In this post, we explore a question being discussed in a number of insurance and investment manager’s offices. Are the scenarios under the PRIIPs regulation realistic?

Many key industry leaders have publicly stated they believe the scenarios are overstating future results. In this post, we examine whether they are correct.

The recent introduction of PRIIPs KIDs in January 2018 has been anything but smooth for many PRIIP manufacturers. One item of significant concern for the manufacturers is the approach used for performance scenarios. This requires manufacturers to apply a set of prescribed formulae to a 5-year price history. Many manufacturers have noted that historic returns are not a good indicator for future returns and that the last 5-years has represented a significant bull market.

This prompted many manufacturers to contact the FCA expressing their concerns. The response from the FCA was to encourage manufacturers to add bespoke guidance on the numbers outlined in their KIDs.

As a result, many KIDs are now being produced with custom ‘health warnings’ accompanying the numbers in their performance scenario table. Often these warnings direct prospective clients back to existing sales materials. Some would say that this distracts from the KID – maybe purposefully so to avoid having to discuss the numbers in the KID?

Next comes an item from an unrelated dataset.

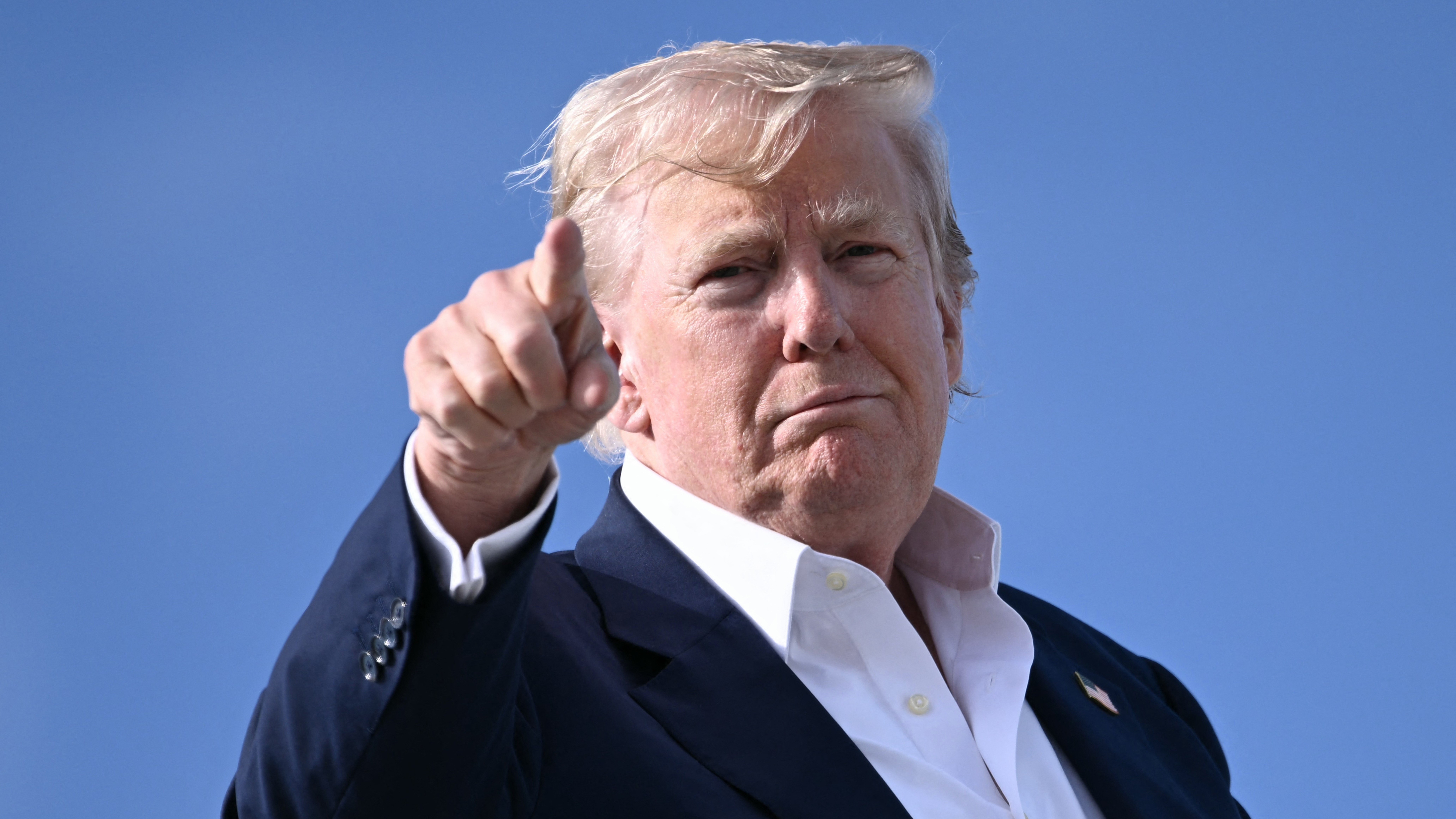 (Photo by Brendan SMIALOWSKI / AFP)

But before one jumps to the conclusion that the manufacturers are acting to deceive or distract their prospective clients, consider the numbers we have outlined below. And consider the predicament PRIIPs has put the manufacturers in – they are being forced to give prospective clients predicted returns that they don’t believe are achievable and that they believe to be misleading – our investigations below gives credence to these concerns.

FCA statement Jan 2018

“Where a PRIIP manufacturer is concerned that performance scenarios in their KID are too optimistic, such that they may mislead investors, we are comfortable with them providing explanatory materials to put the calculations in context and to set out their concerns for investors to consider.”

We applied the PRIIPs formulae to prices for the S&P 500 over a number of time periods from 5 years to 35 years.

Our analysis shows a number of key insights which illustrates the manufacturer’s concerns that the numbers in their KIDs (based on a 5-year price history) are over optimistic – with even unfavourable scenarios showing positive expected performance.

Key Insights:

  • 5-yrs price history shows an SRI of 3 – all other periods have SRI of 4+.
  • 5-yrs price history shows by far the most favourable projections.
  • All non-stress scenarios show positive returns for 5-yrs prices.